China’s foreign exchange reserves fell for the fifth straight month in November, the country’s forex regulator said Wednesday.

Foreign exchange reserves stood at 3.05 trillion U.S. dollars last month, down 69.1 billion dollars or 2.2 percent from October, the State Administration of Foreign Exchange said, citing figures from the central bank.

The November figure is the largest monthly drop since January this year, and it brings China’s foreign exchange reserves to the lowest level since March 2011.

In an online statement, the forex regulator said the decline in November was partly because the central bank has used the reserves to maintain a balance between the supply and demand of foreign currencies in the past month.

A firmer U.S. dollar against other currencies after the U.S. presidential election has also dragged down China’s foreign exchange reserves, the statement said.

Since the reserves are calculated in U.S. dollars, the weakening of other currencies held by China against the dollar would result in a decline in China’s reserves.

Meanwhile, a retreat in bond prices has contributed to the shrinking of reserves, it added.

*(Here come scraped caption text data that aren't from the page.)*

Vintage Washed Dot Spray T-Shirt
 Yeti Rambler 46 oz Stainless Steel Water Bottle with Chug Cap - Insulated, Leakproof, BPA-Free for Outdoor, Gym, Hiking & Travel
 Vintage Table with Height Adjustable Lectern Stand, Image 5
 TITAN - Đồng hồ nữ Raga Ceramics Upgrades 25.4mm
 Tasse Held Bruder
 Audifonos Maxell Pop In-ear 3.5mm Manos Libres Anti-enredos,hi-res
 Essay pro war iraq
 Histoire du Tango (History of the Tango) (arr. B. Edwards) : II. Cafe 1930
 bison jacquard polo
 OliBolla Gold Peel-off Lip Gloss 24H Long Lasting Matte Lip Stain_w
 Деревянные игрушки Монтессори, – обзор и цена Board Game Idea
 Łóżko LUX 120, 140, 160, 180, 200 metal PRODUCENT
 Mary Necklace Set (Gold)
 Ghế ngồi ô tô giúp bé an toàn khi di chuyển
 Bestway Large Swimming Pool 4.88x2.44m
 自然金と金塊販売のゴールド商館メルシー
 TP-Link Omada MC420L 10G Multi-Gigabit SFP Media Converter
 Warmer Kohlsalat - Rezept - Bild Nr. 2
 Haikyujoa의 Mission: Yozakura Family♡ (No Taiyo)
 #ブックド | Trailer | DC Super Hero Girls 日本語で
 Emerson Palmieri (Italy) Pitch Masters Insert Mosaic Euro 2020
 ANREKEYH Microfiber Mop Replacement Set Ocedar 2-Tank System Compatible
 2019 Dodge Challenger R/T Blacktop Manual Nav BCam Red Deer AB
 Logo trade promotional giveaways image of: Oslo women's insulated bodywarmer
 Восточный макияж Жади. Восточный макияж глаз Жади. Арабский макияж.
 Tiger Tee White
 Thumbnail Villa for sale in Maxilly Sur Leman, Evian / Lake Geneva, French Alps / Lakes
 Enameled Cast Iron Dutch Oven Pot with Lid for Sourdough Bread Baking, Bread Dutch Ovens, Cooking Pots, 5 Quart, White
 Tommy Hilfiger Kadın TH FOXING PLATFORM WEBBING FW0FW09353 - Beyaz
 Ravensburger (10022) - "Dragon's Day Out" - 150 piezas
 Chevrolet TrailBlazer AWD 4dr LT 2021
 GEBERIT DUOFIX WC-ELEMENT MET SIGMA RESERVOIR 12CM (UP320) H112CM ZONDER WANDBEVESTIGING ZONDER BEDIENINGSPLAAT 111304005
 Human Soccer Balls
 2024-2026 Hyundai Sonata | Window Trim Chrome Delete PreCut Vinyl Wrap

Accelerated economic growth in the United States, a potentially imminent interest rate hike and expectations of Donald Trump’s expansionary fiscal policies have already caused the Dollar Index to advance 6 percent in the last two months.

The Chinese yuan has weakened around 3 percent against the dollar during the period.

China kept its gold reserves unchanged from October levels at 59.24 million ounces in November, equivalent to 69.79 billion dollars, according to central bank data.